Start of Material for the task
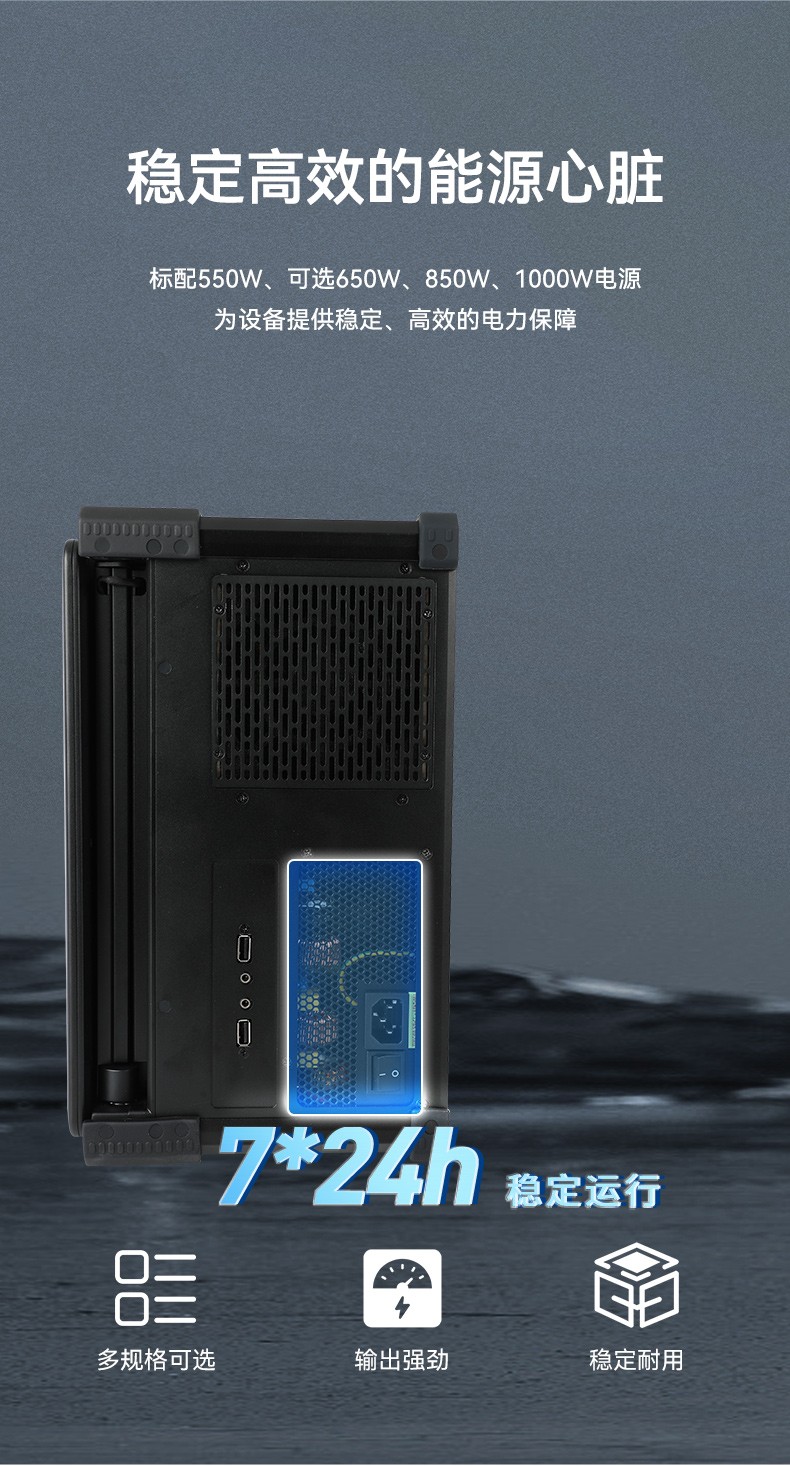 国产化下翻三屏便携机,兆芯KX-U6780A处理器,DT-S1437AD-Z67A.jpg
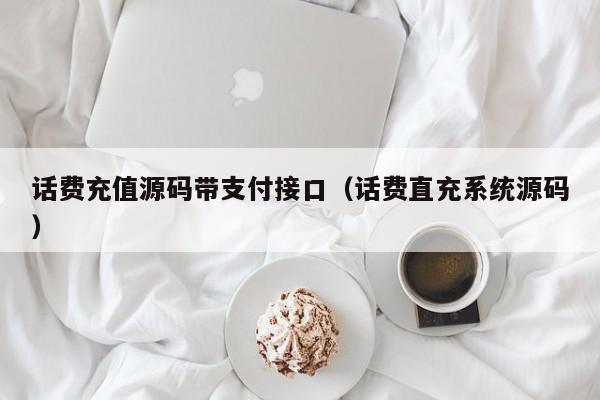 话费充值源码带支付接口（话费直充系统源码）,话费充值源码带支付接口,信息,源码,APP,第1张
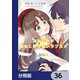 幼なじみが絶対に負けないラブコメ【分冊版】 36（KADOKAWA） [電子書籍]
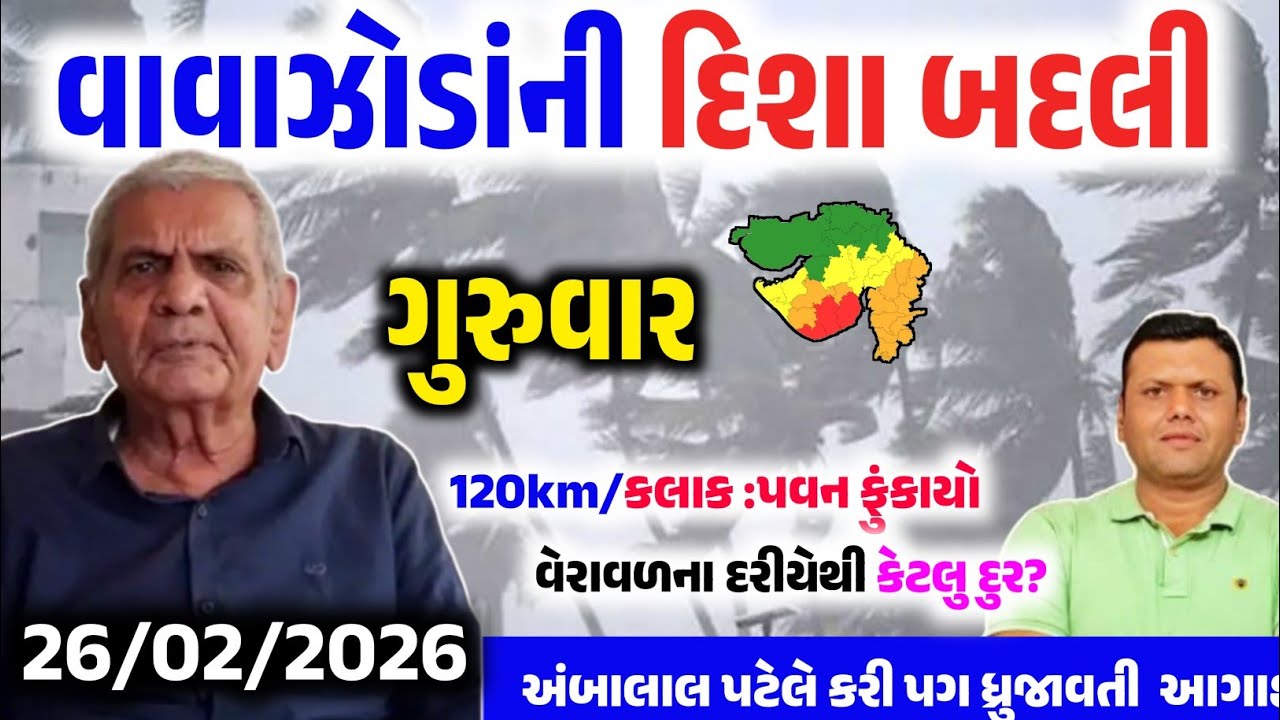 આજે ભારે વરસાદ, Cyclone in bay of Bengal, weather forcast, Ambalal patel ni Aagahi, heavy rain,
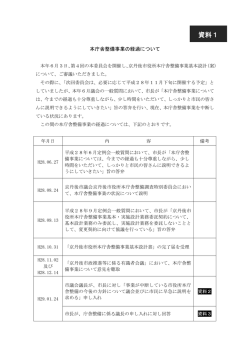 資料1 - 京丹後市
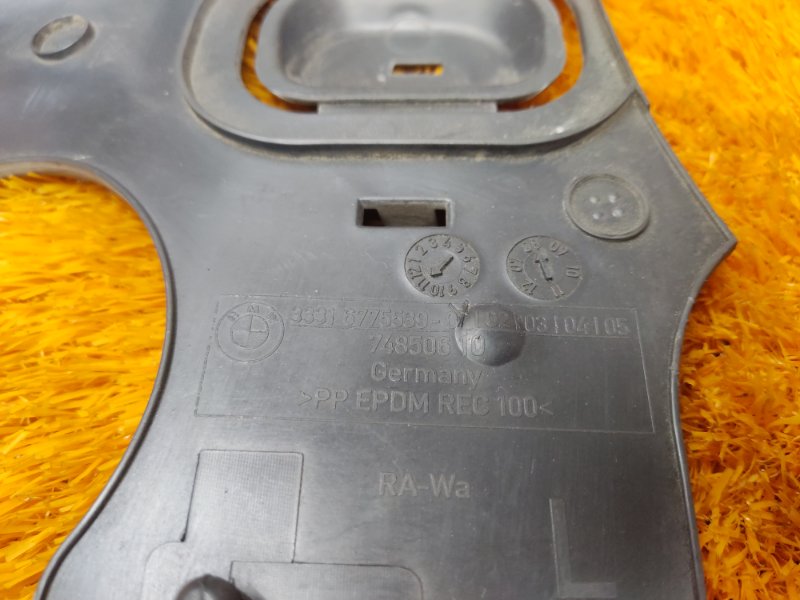 пыльник, 340 рублей, Красноярск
End of Material for the task
Task instructions =>
Take the entries above and restate them word for word, minus their images.

Exercise output =>
 国产化下翻三屏便携机,兆芯KX-U6780A处理器,DT-S1437AD-Z67A.jpg
 话费充值源码带支付接口（话费直充系统源码）,话费充值源码带支付接口,信息,源码,APP,第1张
 幼なじみが絶対に負けないラブコメ【分冊版】 36（KADOKAWA） [電子書籍]
 આજે ભારે વરસાદ, Cyclone in bay of Bengal, weather forcast, Ambalal patel ni Aagahi, heavy rain,
 資料1 - 京丹後市
 пыльник, 340 рублей, Красноярск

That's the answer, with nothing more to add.